Nolan shook his head. “Nope. I asked around in case she was stolen, but nobody ever did come forward to claim her. Plus she was walking funny, so I took her to the veterinarian, and it turned out she had a broken leg.”

“That sucks.”

“I got the better end of the deal.” He picked up another treat. “Give her this.”

“I like my fingers, thanks.”

“Just try.”

Gingerly, I held out the treat, and Juno took it without so much as touching me. Huh. Then she drooled on my leg.

“Ick.”

Nolan laughed and wiped away the gloop with the bottom of his T-shirt, giving me a glimpse of tanned abs he definitely hadn’t had in Virginia.

“Okay, where were we?” He pulled a knife from the block and began chopping a couple of ripe tomatoes.

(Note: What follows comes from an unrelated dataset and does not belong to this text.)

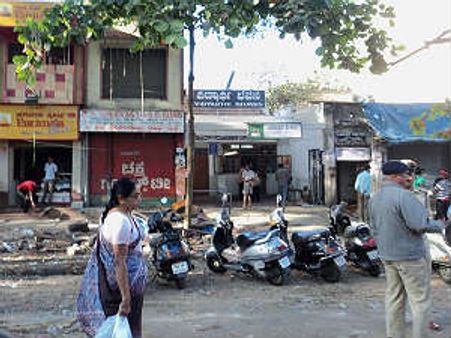 ಗಾಂಧಿಬಜಾರ್ ಹೂ-ಹಣ್ಣು-ತರಕಾರಿ ಮಾರುಕಟ್ಟೆ ಧ್ವಂಸ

“We were both bitching about being lonely and unlovable.”

“Right. And I was bellyaching about your lies.”

“I didn’t actually tell you I was dating Chase. You assumed.”

“Can’t we just agree to be open and honest with each other? No more evasiveness, no more stonewalling? Yeah, I get that we both have pasts we don’t like to talk about, but there are times when I think you bend the truth out of habit.”

I shrugged again.

“Why do you do it?” he asked.

“Because knowledge is power,” I muttered. “And I hate that people might have leverage over me.”